What needs to be done: If a line contains the word "Pocket", include it in the count; state how many such lines the listing has and nothing else.

Records provided:
★ ★ ★ ★ ★

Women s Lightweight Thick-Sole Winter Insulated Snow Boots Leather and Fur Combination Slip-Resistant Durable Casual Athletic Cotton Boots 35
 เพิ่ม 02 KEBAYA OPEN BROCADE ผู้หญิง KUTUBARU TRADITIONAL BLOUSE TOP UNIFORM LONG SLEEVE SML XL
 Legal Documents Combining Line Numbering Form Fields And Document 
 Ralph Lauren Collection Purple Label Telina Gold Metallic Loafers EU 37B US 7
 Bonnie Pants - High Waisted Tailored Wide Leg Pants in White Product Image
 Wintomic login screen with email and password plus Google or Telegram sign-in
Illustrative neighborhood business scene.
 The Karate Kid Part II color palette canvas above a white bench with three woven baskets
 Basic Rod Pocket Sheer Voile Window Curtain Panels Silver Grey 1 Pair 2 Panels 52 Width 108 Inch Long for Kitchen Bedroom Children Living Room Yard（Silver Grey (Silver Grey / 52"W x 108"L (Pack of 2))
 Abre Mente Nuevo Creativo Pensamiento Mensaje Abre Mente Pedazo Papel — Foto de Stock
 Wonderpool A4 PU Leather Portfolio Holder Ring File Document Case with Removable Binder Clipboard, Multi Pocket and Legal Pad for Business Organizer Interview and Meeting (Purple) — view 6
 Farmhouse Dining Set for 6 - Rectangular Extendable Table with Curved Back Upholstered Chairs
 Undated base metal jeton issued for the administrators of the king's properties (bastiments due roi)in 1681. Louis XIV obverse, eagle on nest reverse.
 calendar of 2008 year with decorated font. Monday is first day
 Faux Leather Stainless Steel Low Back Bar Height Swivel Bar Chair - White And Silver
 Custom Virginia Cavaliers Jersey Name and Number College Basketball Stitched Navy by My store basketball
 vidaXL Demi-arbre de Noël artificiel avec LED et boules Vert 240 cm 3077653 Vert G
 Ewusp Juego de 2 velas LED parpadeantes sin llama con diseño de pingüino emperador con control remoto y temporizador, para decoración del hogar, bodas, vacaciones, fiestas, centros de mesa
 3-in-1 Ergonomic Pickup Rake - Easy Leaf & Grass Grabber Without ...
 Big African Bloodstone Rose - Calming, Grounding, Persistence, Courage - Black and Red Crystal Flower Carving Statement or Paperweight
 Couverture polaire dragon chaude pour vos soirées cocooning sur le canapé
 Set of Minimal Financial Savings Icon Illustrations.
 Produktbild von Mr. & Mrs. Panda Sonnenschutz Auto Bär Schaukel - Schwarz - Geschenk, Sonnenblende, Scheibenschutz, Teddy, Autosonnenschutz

★ ★ ★ ★ ★

Response: 2